I'm going to change the data in the example you provided.
df = pl.DataFrame(
{
"a": [11, 10, 10, 10, 9, 8, 8, 8, 8, 8, 15, 15, 15],
"b": [11, 9, 9, 9, 9, 9, 10, 8, 8, 10, 11, 11, 15],
}
)
print(df)
shape: (13, 2)
┌─────┬─────┐
│ a ┆ b │
│ --- ┆ --- │
│ i64 ┆ i64 │
╞═════╪═════╡
│ 11 ┆ 11 │
│ 10 ┆ 9 │
│ 10 ┆ 9 │
│ 10 ┆ 9 │
│ 9 ┆ 9 │
│ 8 ┆ 9 │
│ 8 ┆ 10 │
│ 8 ┆ 8 │
│ 8 ┆ 8 │
│ 8 ┆ 10 │
│ 15 ┆ 11 │
│ 15 ┆ 11 │
│ 15 ┆ 15 │
└─────┴─────┘
Notice the cases where the two columns are the same. Your post didn't address what to do in these cases, so I made some assumptions as to what should happen. (You can adapt the code to handle those cases differently.)
df = (
df
.with_columns((pl.col("a") - pl.col("b")).sign().alias("sign_a_minus_b"))
.with_columns(
pl.when(pl.col("sign_a_minus_b") == 0)
.then(None)
.otherwise(pl.col("sign_a_minus_b"))
.forward_fill()
.alias("run_type")
)
.with_columns(
(pl.col("run_type") != pl.col("run_type").shift(1, fill_value=0))
.cum_sum()
.alias("run_id")
)
.with_columns(pl.col("sign_a_minus_b").cum_sum().over("run_id").alias("result"))
)
print(df)
shape: (13, 6)
┌─────┬─────┬────────────────┬──────────┬────────┬────────┐
│ a ┆ b ┆ sign_a_minus_b ┆ run_type ┆ run_id ┆ result │
│ --- ┆ --- ┆ --- ┆ --- ┆ --- ┆ --- │
│ i64 ┆ i64 ┆ i64 ┆ i64 ┆ u32 ┆ i64 │
╞═════╪═════╪════════════════╪══════════╪════════╪════════╡
│ 11 ┆ 11 ┆ 0 ┆ null ┆ null ┆ 0 │
│ 10 ┆ 9 ┆ 1 ┆ 1 ┆ null ┆ 1 │
│ 10 ┆ 9 ┆ 1 ┆ 1 ┆ 0 ┆ 1 │
│ 10 ┆ 9 ┆ 1 ┆ 1 ┆ 0 ┆ 2 │
│ 9 ┆ 9 ┆ 0 ┆ 1 ┆ 0 ┆ 2 │
│ 8 ┆ 9 ┆ -1 ┆ -1 ┆ 1 ┆ -1 │
│ 8 ┆ 10 ┆ -1 ┆ -1 ┆ 1 ┆ -2 │
│ 8 ┆ 8 ┆ 0 ┆ -1 ┆ 1 ┆ -2 │
│ 8 ┆ 8 ┆ 0 ┆ -1 ┆ 1 ┆ -2 │
│ 8 ┆ 10 ┆ -1 ┆ -1 ┆ 1 ┆ -3 │
│ 15 ┆ 11 ┆ 1 ┆ 1 ┆ 2 ┆ 1 │
│ 15 ┆ 11 ┆ 1 ┆ 1 ┆ 2 ┆ 2 │
│ 15 ┆ 15 ┆ 0 ┆ 1 ┆ 2 ┆ 2 │
└─────┴─────┴────────────────┴──────────┴────────┴────────┘
I've left the intermediate calculations in the output, merely to show how the algorithm works. (You can drop them.)
The basic idea is to calculate a run_id
for each run of positive or negative values.

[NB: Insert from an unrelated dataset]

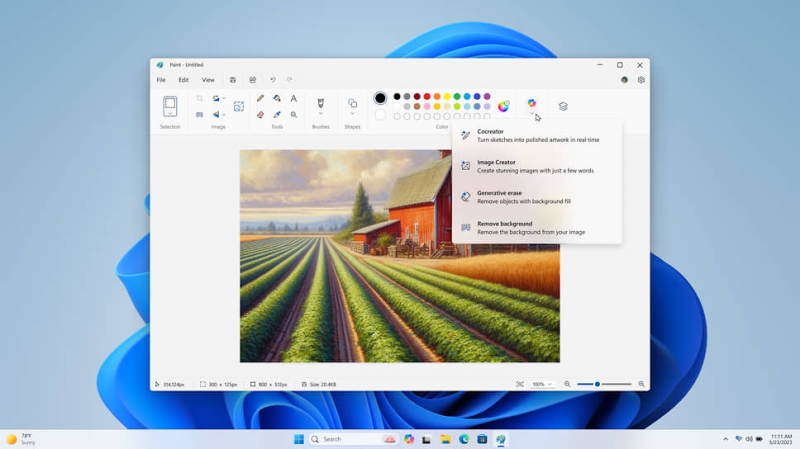Microsoft интегрировала ИИ-ассистента Copilot в приложение Paint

We will then use the cumsum
function and the over
windowing expression to create a running count of positives/negatives over each run_id
.
Key assumption: ties in columns a
and b
do not interrupt a run, but they do not contribute to the total for that run of positive/negative values.
sign_a_minus_b
does two things: it identifies whether a run is positive/negative, and whether there is a tie in columns a
and b
.
run_type
extends any run to include any cases where a tie occurs in columns a
and b
. The null
value at the top of the column was intended - it shows what happens when a tie occurs in the first row.
result
is the output column. Note that tied columns do not interrupt a run, but they don't contribute to the totals for that run.
One final note: if ties in columns a
and b
are not allowed, then this algorithm can be simplified ... and run faster.